▸ WORK REQUEST: Could you repeat all of the entries exactly, leaving out any pictures?

"""

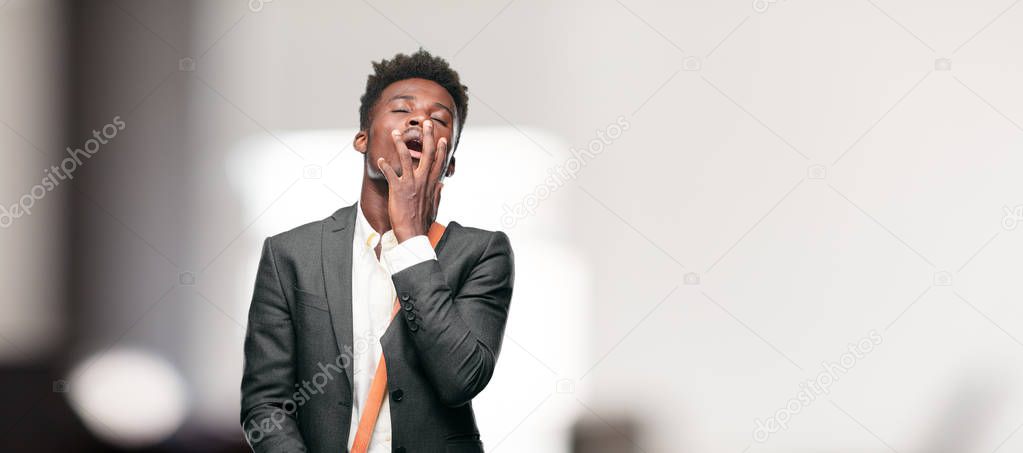 young black businessman Looking unenthusiastic and bored, listening to something dull and tedious, yawning in utter boredom.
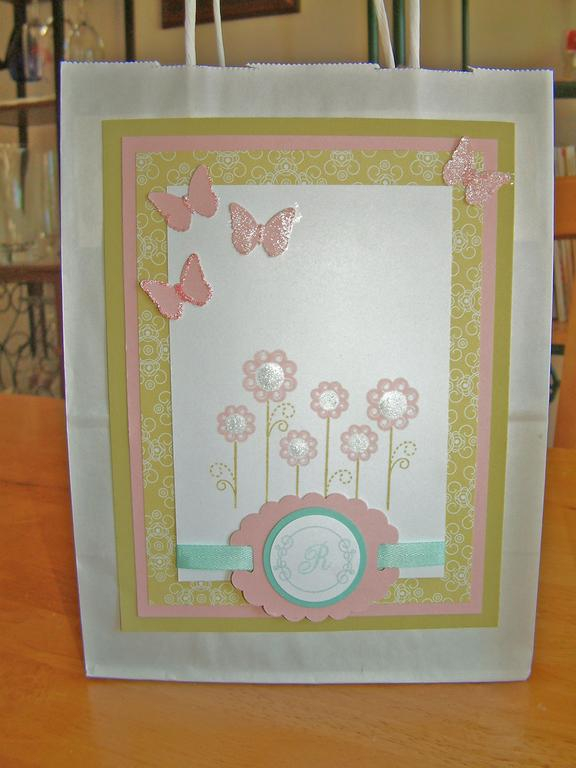 This gift bag, pen, paper clip, Post it holder, frame, and all of the cards that coordinate are...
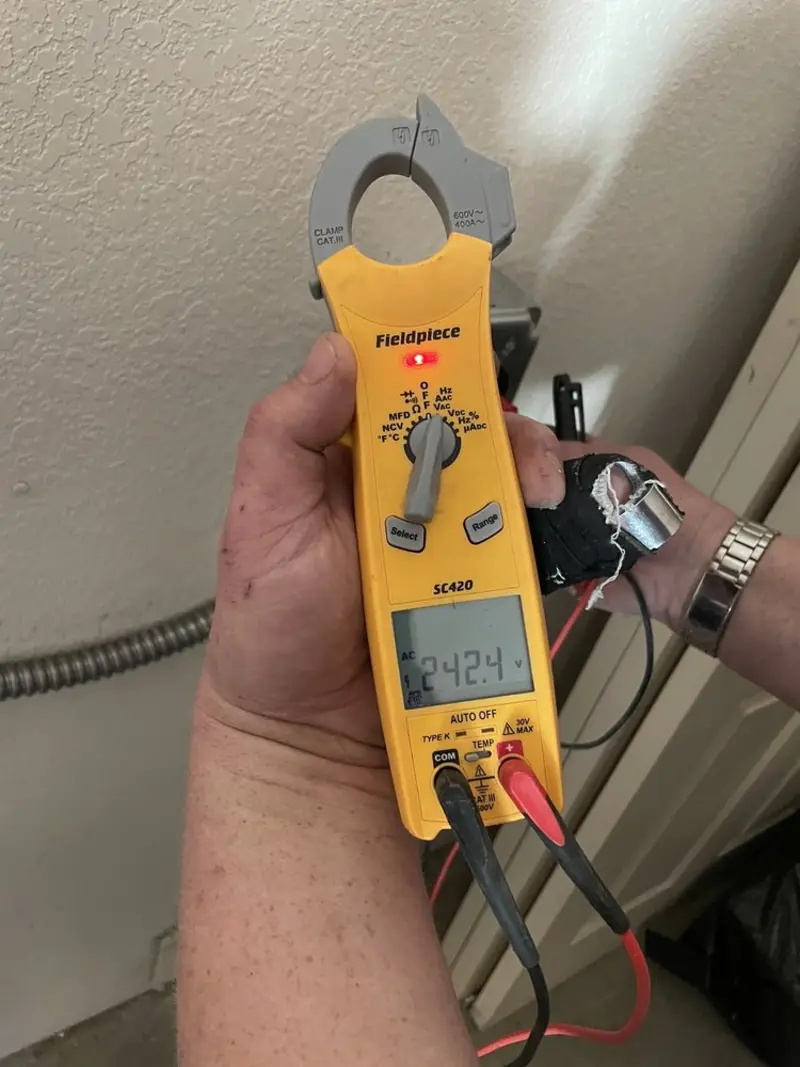 Voltage testing with clamp meter during Ceiling Fan Installation in Crookston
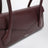 Le Teckel Small Tasche aus granatrotem Leder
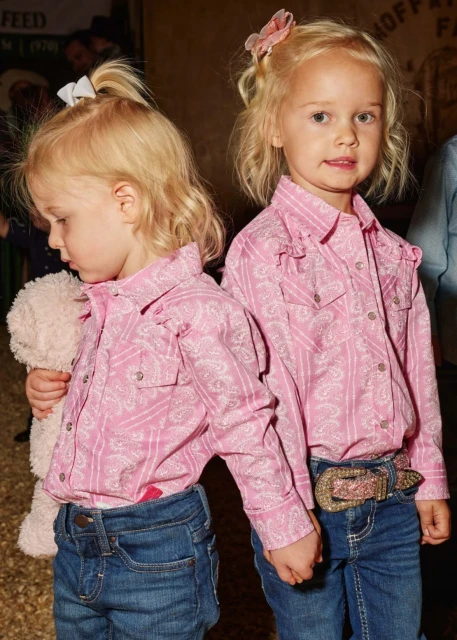 Two young blonde girls in matching pink paisley shirts and blue jeans hold hands indoors, one carrying a teddy bear.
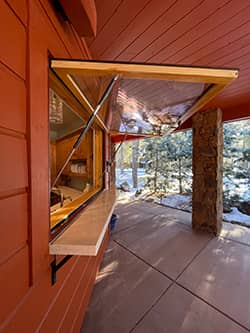 Awning windows accomplish the pass-through feature with style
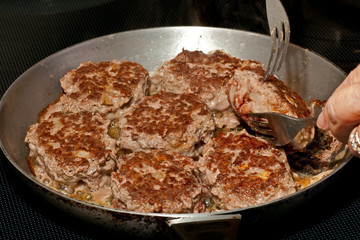 Danish meat balls being turned on the frying pan
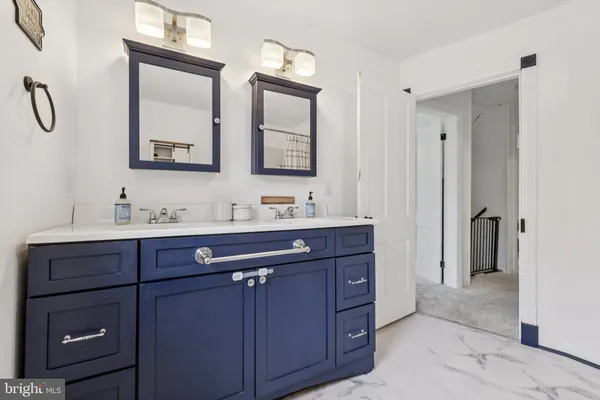 a bathroom with a double vanity sink mirror and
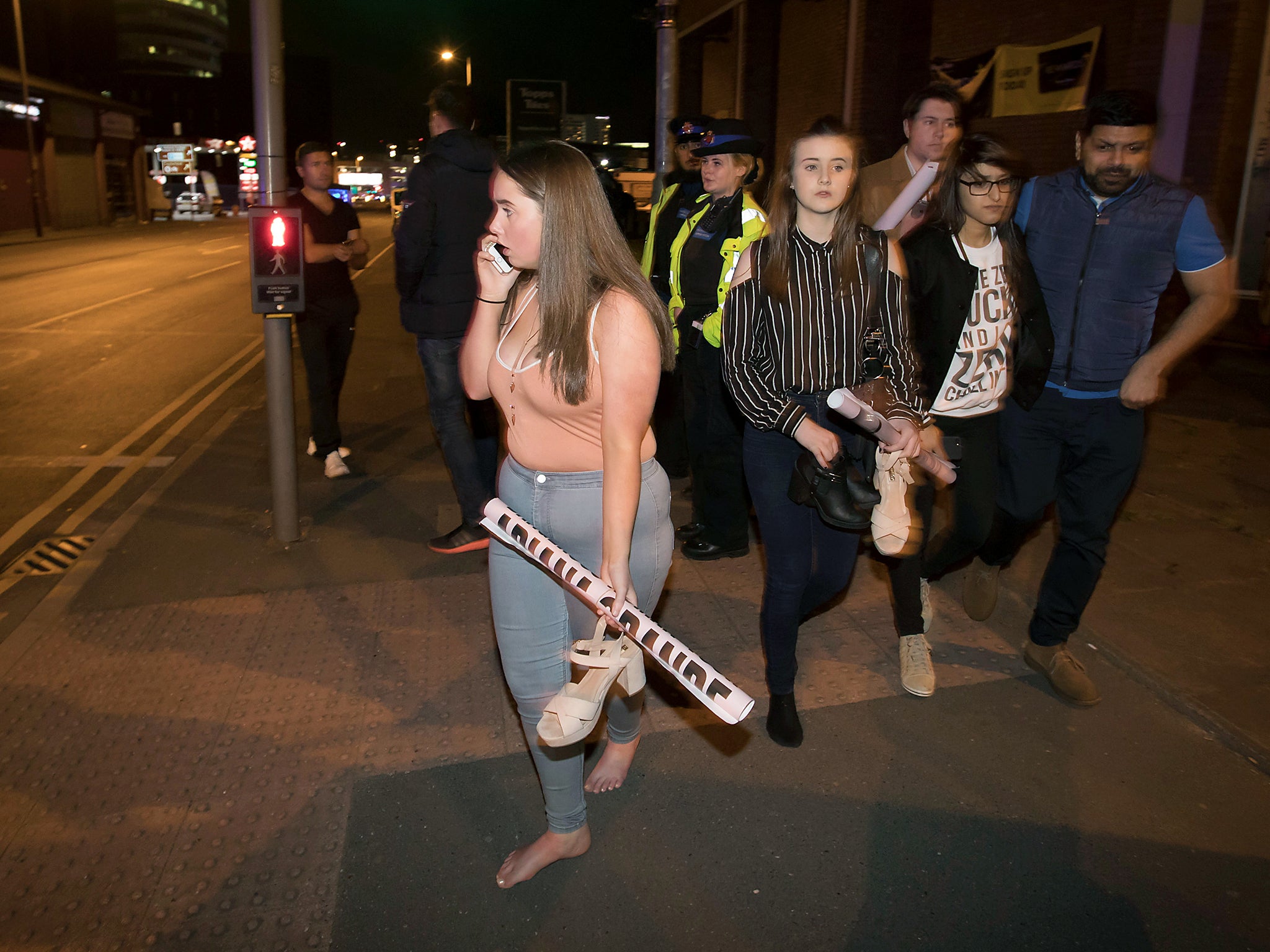 Police and fans close to the Manchester Arena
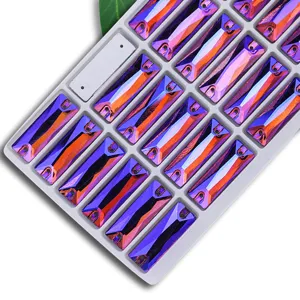 Closeup of rectangular dual-hole AB crystal rhinestones in purple orange iridescence, sewing diy.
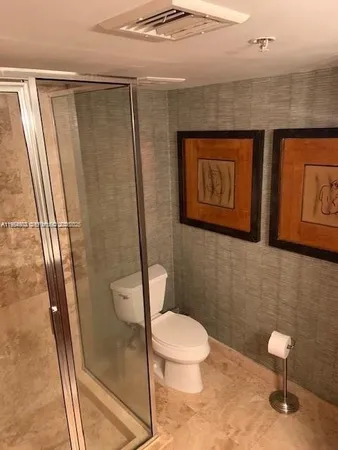 a bathroom with a toilet and a shower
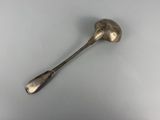 silver spoon with a long handle on a white surface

"""

▸ SOLUTION TO THIS PROBLEM:
 young black businessman Looking unenthusiastic and bored, listening to something dull and tedious, yawning in utter boredom.
 This gift bag, pen, paper clip, Post it holder, frame, and all of the cards that coordinate are...
 Voltage testing with clamp meter during Ceiling Fan Installation in Crookston
 Le Teckel Small Tasche aus granatrotem Leder
 Two young blonde girls in matching pink paisley shirts and blue jeans hold hands indoors, one carrying a teddy bear.
 Awning windows accomplish the pass-through feature with style
 Danish meat balls being turned on the frying pan
 a bathroom with a double vanity sink mirror and
 Police and fans close to the Manchester Arena
 Closeup of rectangular dual-hole AB crystal rhinestones in purple orange iridescence, sewing diy.
 a bathroom with a toilet and a shower
 silver spoon with a long handle on a white surface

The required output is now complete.